··· Supplied records

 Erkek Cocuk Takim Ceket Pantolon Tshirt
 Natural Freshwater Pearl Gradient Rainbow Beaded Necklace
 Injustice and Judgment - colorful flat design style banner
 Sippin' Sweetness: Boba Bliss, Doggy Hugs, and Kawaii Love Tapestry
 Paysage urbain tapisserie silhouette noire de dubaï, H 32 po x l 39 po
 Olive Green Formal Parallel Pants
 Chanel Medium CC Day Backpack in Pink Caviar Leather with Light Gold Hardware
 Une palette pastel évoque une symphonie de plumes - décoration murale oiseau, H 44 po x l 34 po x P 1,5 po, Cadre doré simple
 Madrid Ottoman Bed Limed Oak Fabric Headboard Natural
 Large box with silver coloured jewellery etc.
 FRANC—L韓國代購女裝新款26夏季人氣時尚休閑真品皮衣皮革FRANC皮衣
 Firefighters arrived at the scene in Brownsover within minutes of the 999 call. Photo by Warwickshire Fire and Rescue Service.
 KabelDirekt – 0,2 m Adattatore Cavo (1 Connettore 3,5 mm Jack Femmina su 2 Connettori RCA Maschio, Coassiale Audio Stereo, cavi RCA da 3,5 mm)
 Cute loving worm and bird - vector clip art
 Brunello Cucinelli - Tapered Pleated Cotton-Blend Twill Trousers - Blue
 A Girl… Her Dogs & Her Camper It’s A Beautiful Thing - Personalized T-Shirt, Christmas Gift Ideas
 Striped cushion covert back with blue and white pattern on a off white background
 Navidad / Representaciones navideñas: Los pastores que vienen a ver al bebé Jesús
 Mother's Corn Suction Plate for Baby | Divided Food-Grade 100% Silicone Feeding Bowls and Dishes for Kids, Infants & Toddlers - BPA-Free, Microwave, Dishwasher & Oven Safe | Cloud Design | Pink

······

Assignment: Could you count the lines of the listing above that hold the word "Natural" and give only the total?

Exercise response: 2